Abner "Longie" Zwillman (July 27, 1904 – February 26, 1959) was a Jewish-American mobster who was based primarily in North Jersey. He was a longtime friend and associate of mobsters Lucky Luciano and Meyer Lansky. Zwillman's criminal organization was a part of the National Crime Syndicate and mainly operated from the 1920s to the 1950s, with its peak in the late 1930s.

Zwillman was the founder of the New Jersey Minutemen, a militant anti-fascist group which operated in Newark, New Jersey from 1933 to 1941. They were antagonists of the pro-Nazi German American Bund and the Christian Front.

Abraham "Abner" Zwillman was born on July 27, 1904, in Newark, New Jersey, the second child of Lithuanian Jews Abraham Reuben (born Abram Tzvilman) and Anna (Ella) Slavinsky, who had emigrated from Skapiškis in 1903 with their daughter, Bessie. His father was a grocer. The couple had five more children – Ethel (Etta), Barney, Frieda (Phoebe), Larry, and Irving – born until his father's death in 1915.
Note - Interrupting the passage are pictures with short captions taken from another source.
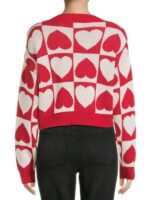 Valentines Day Hearts Checkered Sweater
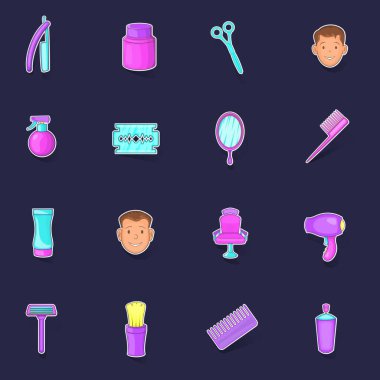 Berber dükkanı simgeleri, mor arkaplanda gölgesi olan çıkartma toplama vektörü ayarladı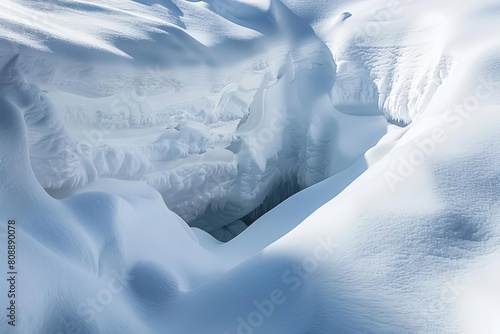 snowdrift partially covering crevasse opening winter landscape photography photo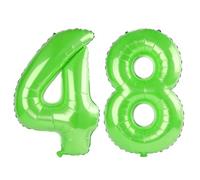 Palloncini numerati 48 da 100 cm per decorazioni per feste di 48° compleanno, da 0 a 100 palloncini digitali grandi n. 48 verde frutta per donne, uomini e madri, palloncini in lamina di elio per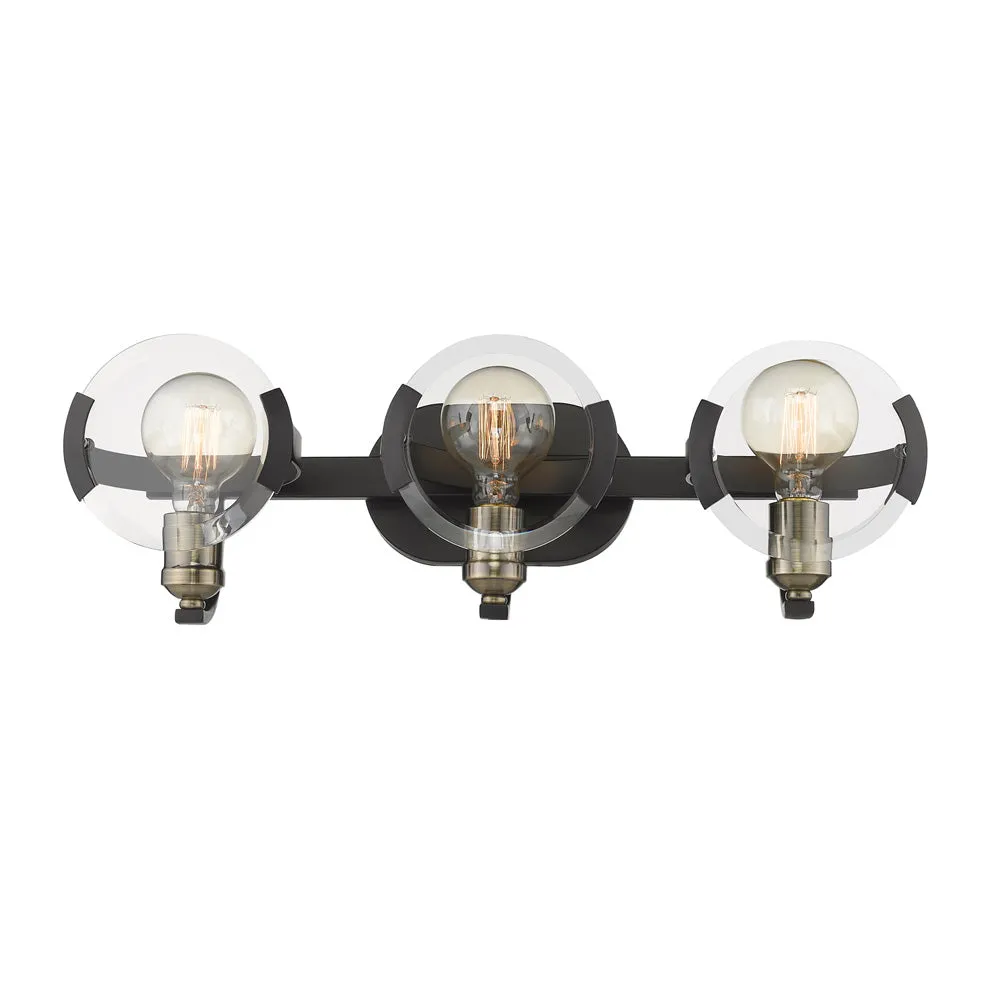 Amari 3 Light Bath Vanity- Black and Aged Brass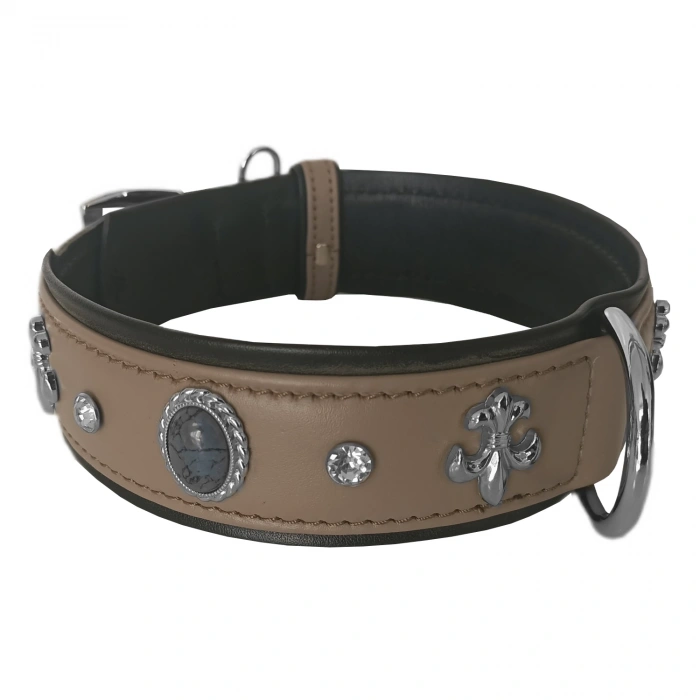 Deri Doğal Taşlı Köpek Boyun Tasması 28-33 cm X-Small Taba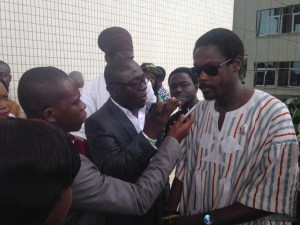 Edwin Kweku Andoh Baffour, FSG Communication Director, speaks to the media (photo by author).
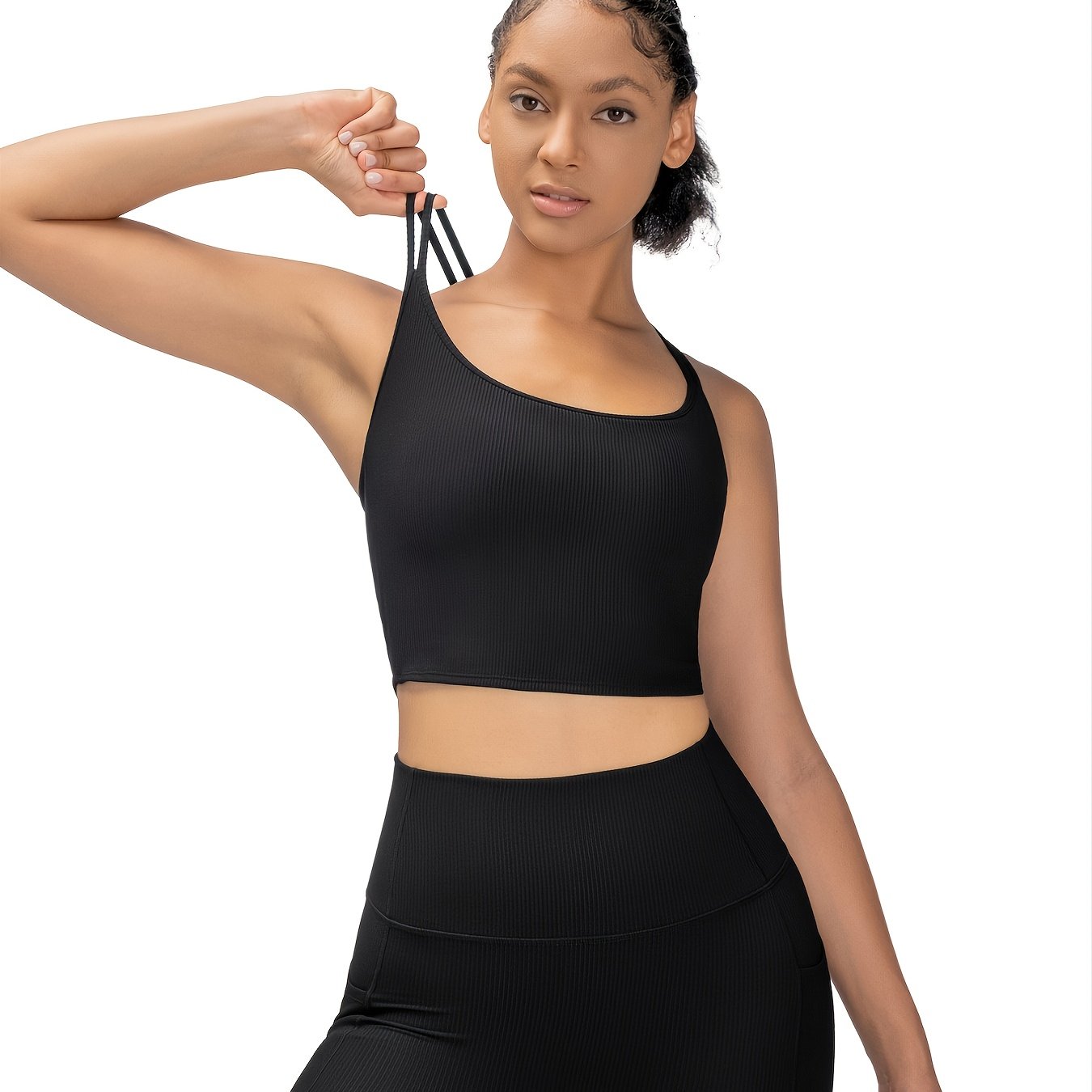 Criss Cross Straps Shockproof Sports Bra, Spaghetti Straps High Stretch  Sporty Top, Women's Activewear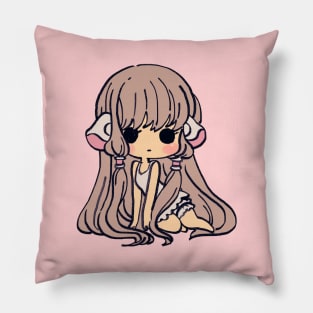 pink pastel chibi chii / chobits elda chi motosuwa Pillow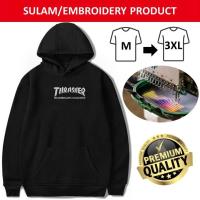 ราคา EMBROIDERY SULAM THRASHER สเก็ตบอร์ด MAGAZINE โลโก้ HOODIE เสื้อกันหนาว PULLOVER สีดํา (26190663901)
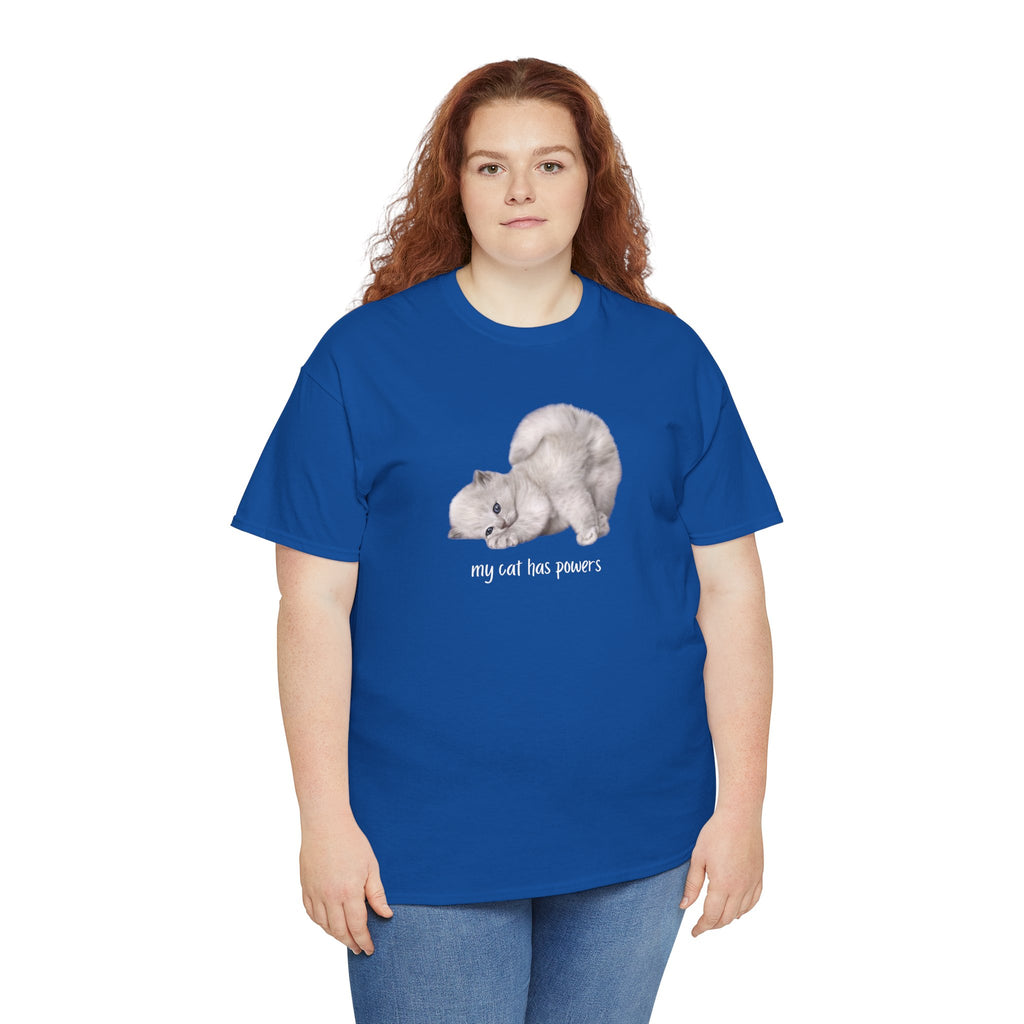 Cat T-Shirt – "My Cat Has Powers" Cute Stretching Cat Graphic Tee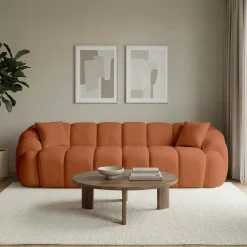 Canapé 4 places terracotta design arrondi ONDA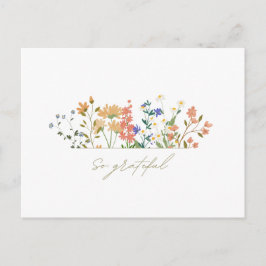 Summer Widlflower Boho Wedding Vielen Dank Postkarte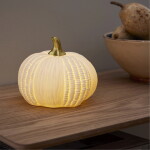 STAR TRADING Svítící LED dekorace Pumpkin 12 cm, bílá barva, porcelán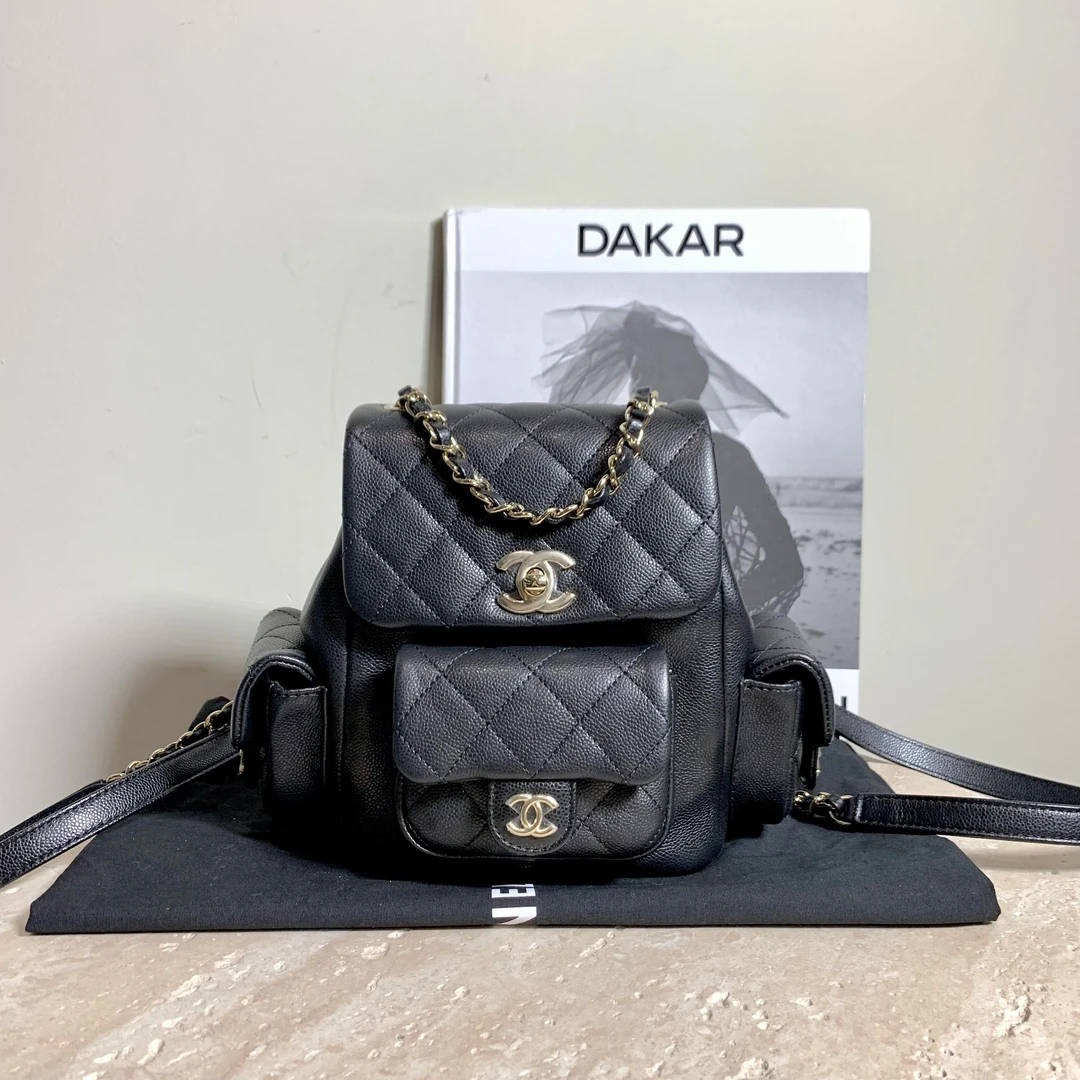 99新 Chanel/香奈儿 壹臻/23K黑金cargo双肩包小号 / 38475188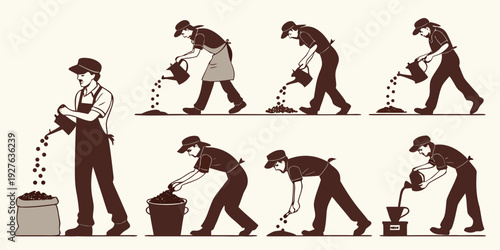 A sequence of illustrations depicting a man performing various exercises Vector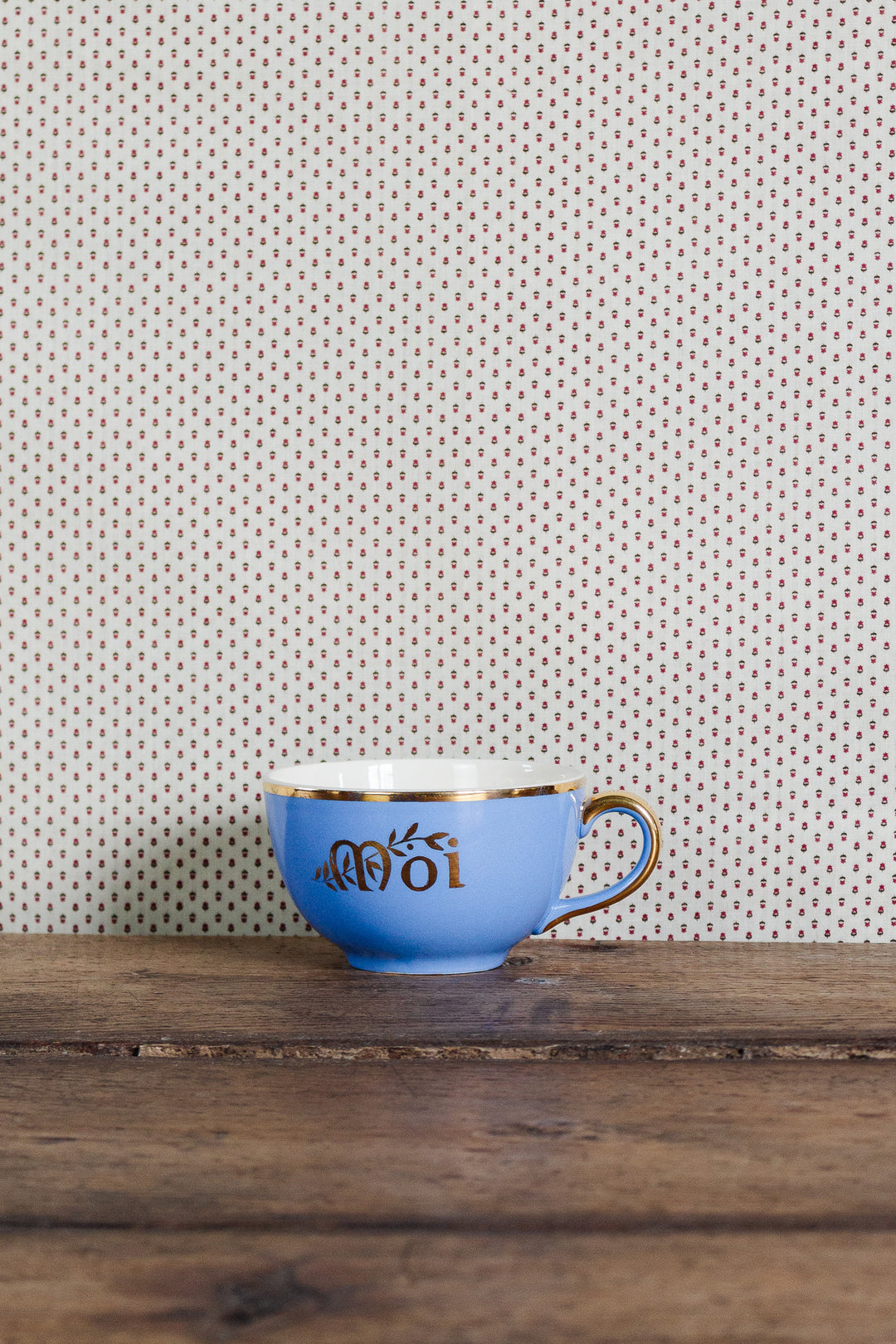 antique french "toi et moi" villeroy & boch gold and cerulean teacups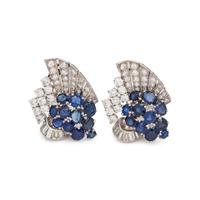 PAIR OF SAPPHIRE AND DIAMOND DRESS CLIPS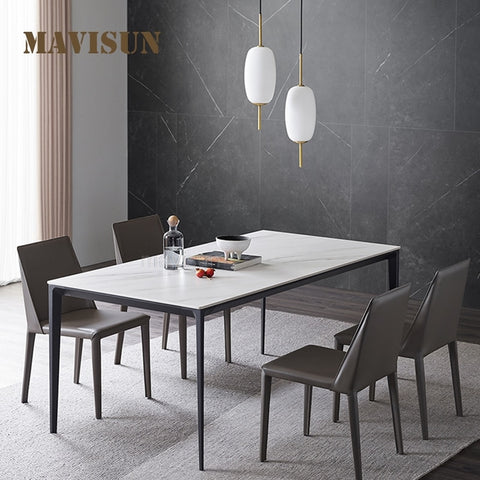 European Minimalist White Marble Stone Dining Table 6 seater and Upholstered Chair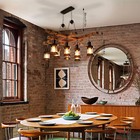 8-light Rustic Country Chandelier Wood Pendant Lamp Industrial Ceiling Fixture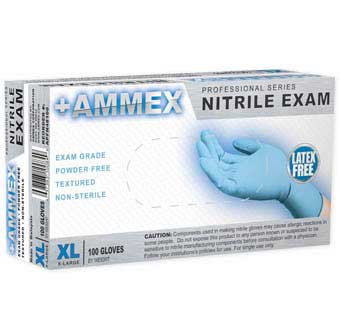 NITRILE POWDER FREE EXAM GLOVES EXTRA LARGE 100 COUNT
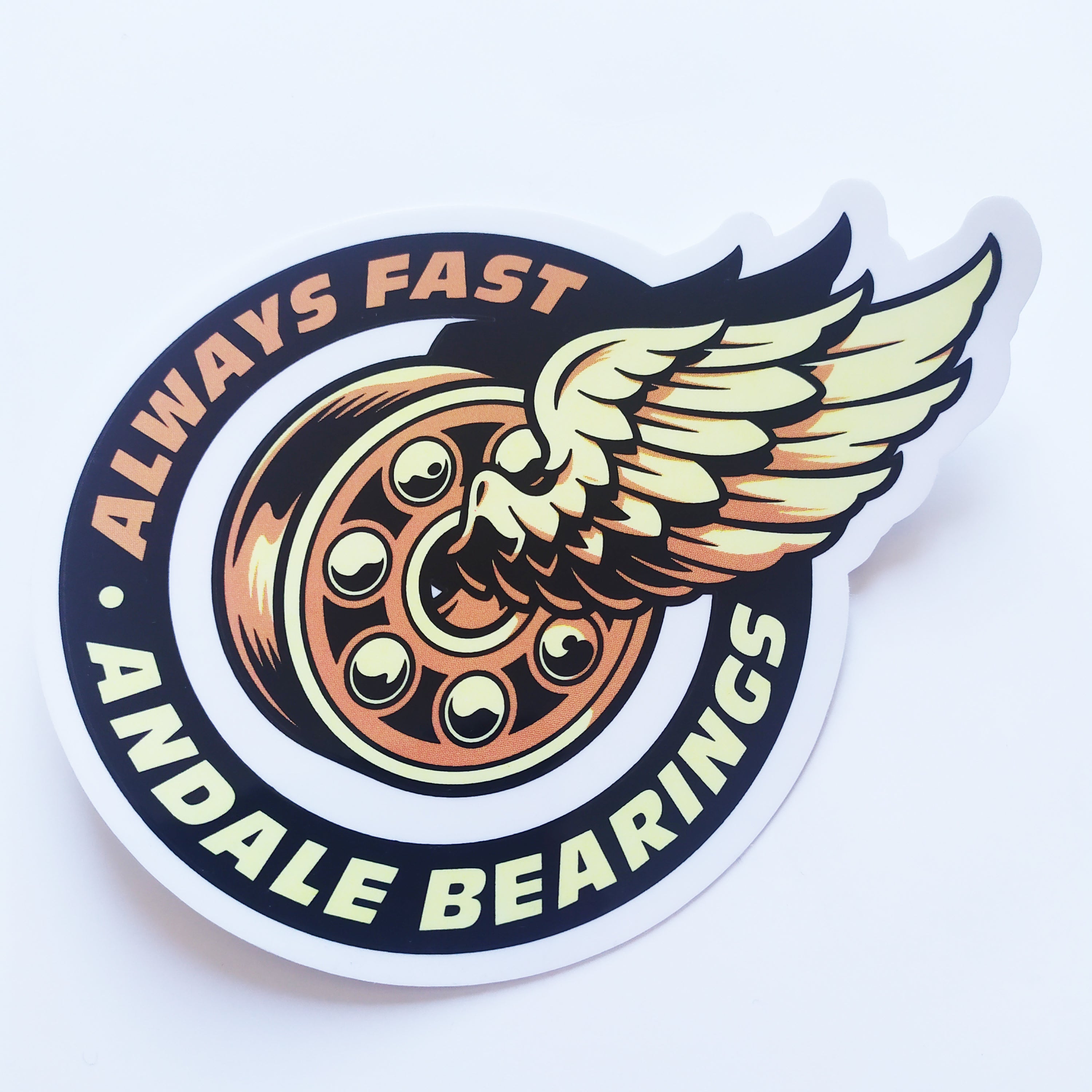 Andale Bearings Skateboard Sticker - "Always Fast Wings" - 11cm across approx - SkateboardStickers.com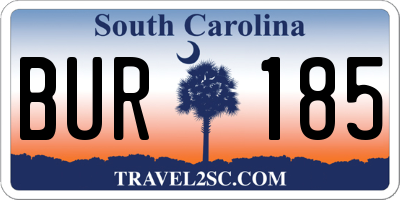 SC license plate BUR185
Zwillman was forced to quit school to support his family after his father's death. Zwillman first began working at a Prince Street café, the headquarters of a local alderman in Newark's Third Ward. However, in need of more money, Zwillman was eventually forced to quit, later selling fruits and vegetables in his neighborhood with a rented horse and wagon.

Zwillman was unable to compete with the cheaper Prince Street pushcarts, however, so he moved to the more upper-class neighborhood of Clinton Hill, where he began selling lottery tickets to local housewives. He observed that much more money was made selling lottery tickets than produce, so he concentrated on selling lottery tickets through local merchants. By 1920, Zwillman controlled the bulk of the numbers racket with the help of hired muscle.

At the start of Prohibition, Zwillman began smuggling whiskey into New Jersey through Canada, using several World War I armored trucks. Zwillman later joined a syndicate headed by Joseph Reinfeld to smuggle liquor from Canada using ships. They were reputed to have controlled 40% of liquor smuggling. Zwillman used this revenue to greatly expand his operations in illegal gambling, prostitution, and labor racketeering, as well as legitimate businesses, including several prominent night clubs and restaurants.

In 1929, he was sent to prison for six months for assaulting an associate. It was the only crime for which he was ever convicted.

Zwillman dated actress Jean Harlow at one time and got her a two-picture deal at Columbia Pictures by giving a huge cash loan to studio head Harry Cohn. Zwillman also bought Harlow a jeweled bracelet and a red Cadillac. He referred to her in derogatory terms to other mobsters in secret surveillance recordings. He married Mary de Groot Mendels Steinbach in 1939. She was the only daughter of Eugene Mendels, whose father, Emanuel S. Mendels, was a founder of the American Stock Exchange (then known as the Curb Exchange). The Zwillmans had a daughter, Lynn Kathryn Zwillman born c. 1944. Mary Zwillman had a son, who became Abner Zwillman's stepson, from a previous marriage.